Journal Register’s publisher, Matt DeRienzo, noted the recent posting of a schools budget (via Scribd) — which was, the board agreed, a good first step in the data direction. The paper could try similar experiments, they suggested, with any number of similar data sets, from the already-accessible to the need-to-be-FOIAed. Ultimately, “become the Big Data place,” Jarvis advised.
A recurring theme yesterday was the power, and really the necessity, of experimentation when it comes to determining broad strategies. And one of JRC’s chief infrastructural advantages — one shared, in various ways, by other media companies — is that it holds several different properties under its auspices. In other words, it has an entire chain of newspapers that it can experiment with, testing everything from those news-innovation-y tenets to more notional what-ifs.
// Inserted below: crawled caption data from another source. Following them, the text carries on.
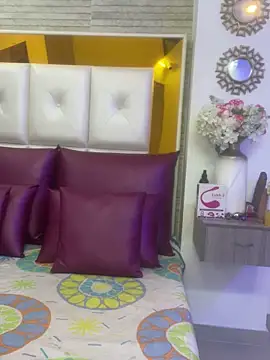 Leslie Bussh  online show from 04.19.26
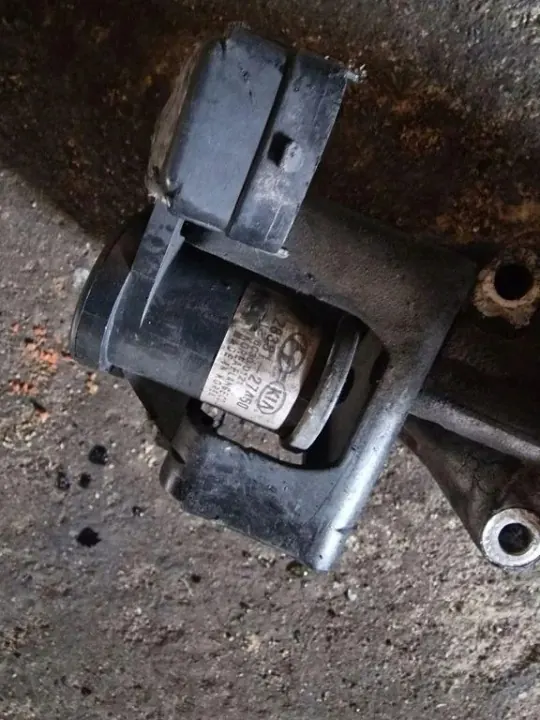 Colector de admisión usado OEM 2838127450 para Hyundai Santa Fe II image 3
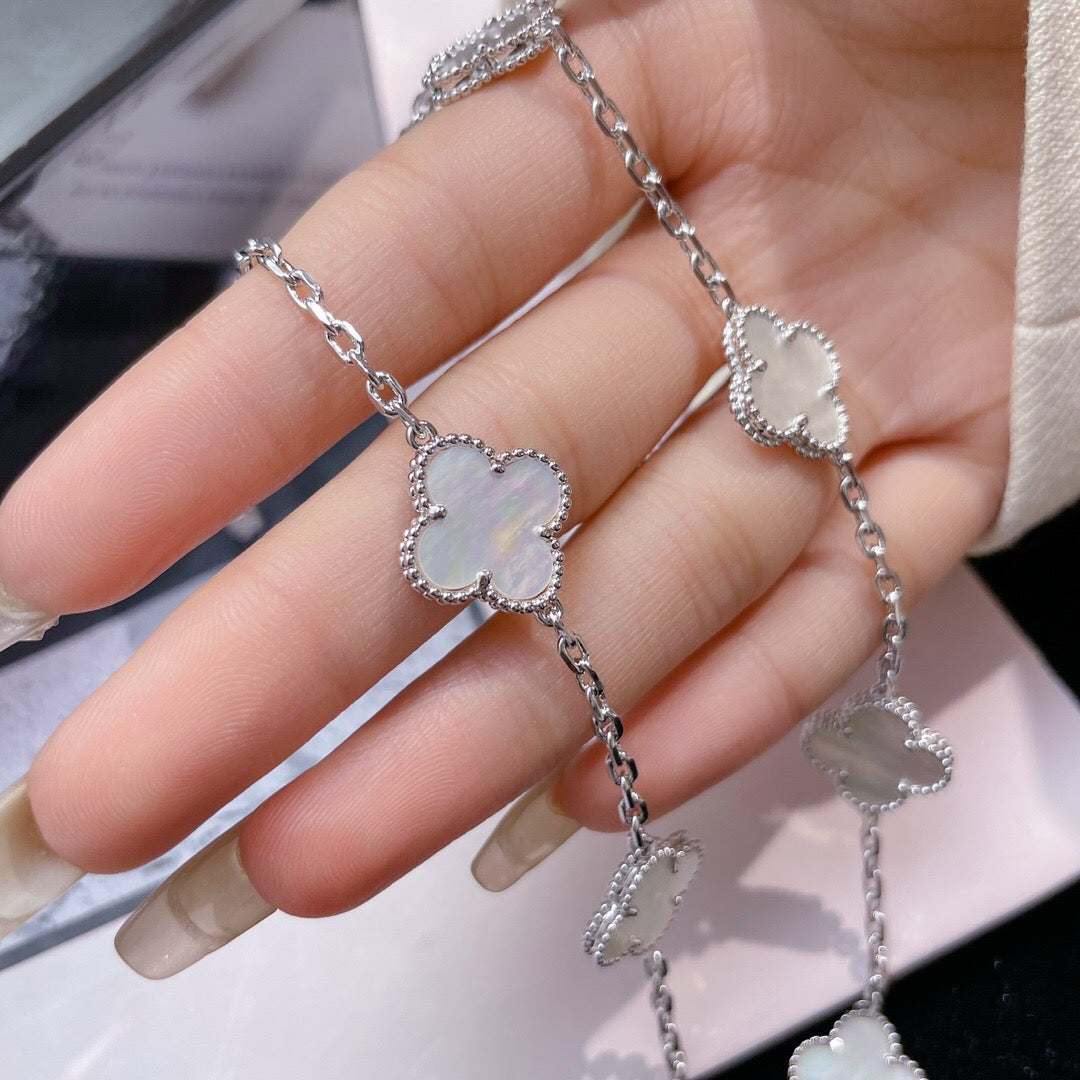 [Royal Jewellery]CLOVER 10 MOTIFS WHITE MOTHER OF PEARL NECKLACE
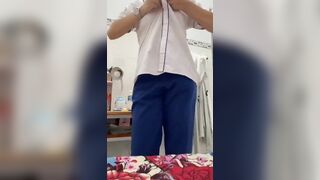 Em rau sạch lồn không lông thủ dâm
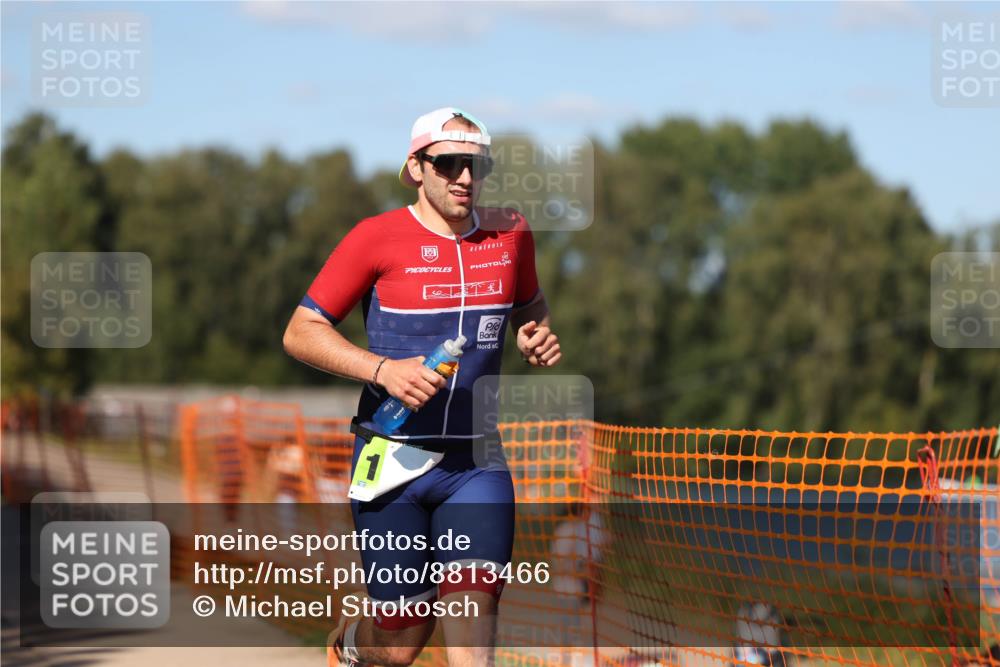 07.09.2025 - 19. Norderstedt Triathlon Michael Strokosch http://msf.ph/oto/8813466 07.09.2025 15:27:30 Laufen 1471, 1496, 1505 meine-sportfotos.de
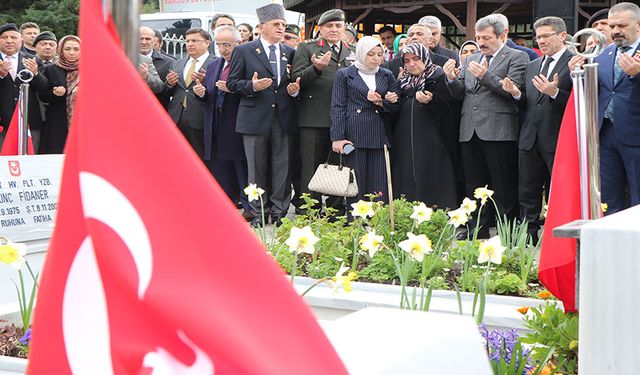 Samsun'da 18 Mart anması; şehit anneleri gözyaşı döktü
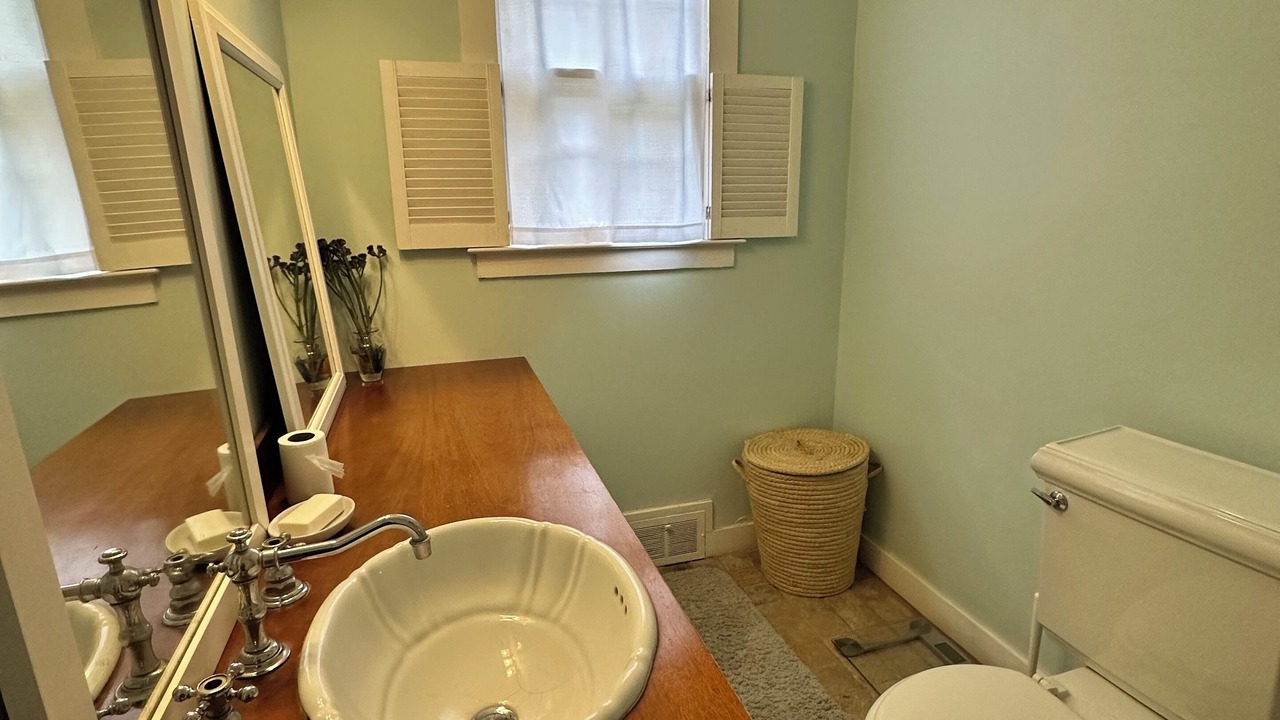 Photo of Bathroom in Marble Dale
Take comments systems. If Journal Register, as a whole, wants to figure out the best way to moderate conversations surrounding its journalism, the Register Citizen could implement Facebook Comments, say, while the New Haven Register could experiment with a HuffPo-style community moderation approach, while the Troy Record could see what happens if comments are turned on for one type of story and disabled for another. For the company overall, risk could be mitigated through what amounts to experimental diversification — while, at the same time, the lessons learned from the experiments could be applied company-wide. And, in that way, amplified.
And speaking of comments…
The board’s discussion, as happens a lot, spent a lot of time focused on the ideal way to run comments systems. How do you reward helpful participation while punishing — or, at least, discouraging — trolls and other conversation-killers? “Every community is going to have bozos,” Jarvis noted. “The Internet’s just a community; so it’s going to have bozos.”
A more productive approach than one focused on troll-fighting, the board suggested, might be to focus instead on rewarding good behavior — the Gawker/HuffPo approach that empowers community members to elevate the good comments and demote the bad. Ultimately, though, no one’s “figured out” how to do comments; and that’s partially because each community is different when it comes to the kinds of conversations it wants to conduct and convene online.
What the board — and, from the sounds of things, community members — agreed on, though, was that it’s a good idea to expand the notion of comments beyond the current definition of them as things-that-follow-a-story. Reframing commentary as something that’s not simply reactive, but productive — instead of “What did you think of this story?” something like, “How should we write this story?” — could be a useful exercise not only in terms of conversation, but also in terms of engagement and transparency. And, of course, it could keep improving the overall quality of the journalism Journal Register papers put out. “I’m going to be honest — it used to be a joke,” Melanie Macmillan, a reader in attendance at the meeting, noted of the Register Citizen. But now, she said, with the strides it’s making toward openness and community involvement, “it’s something I’m proud of.”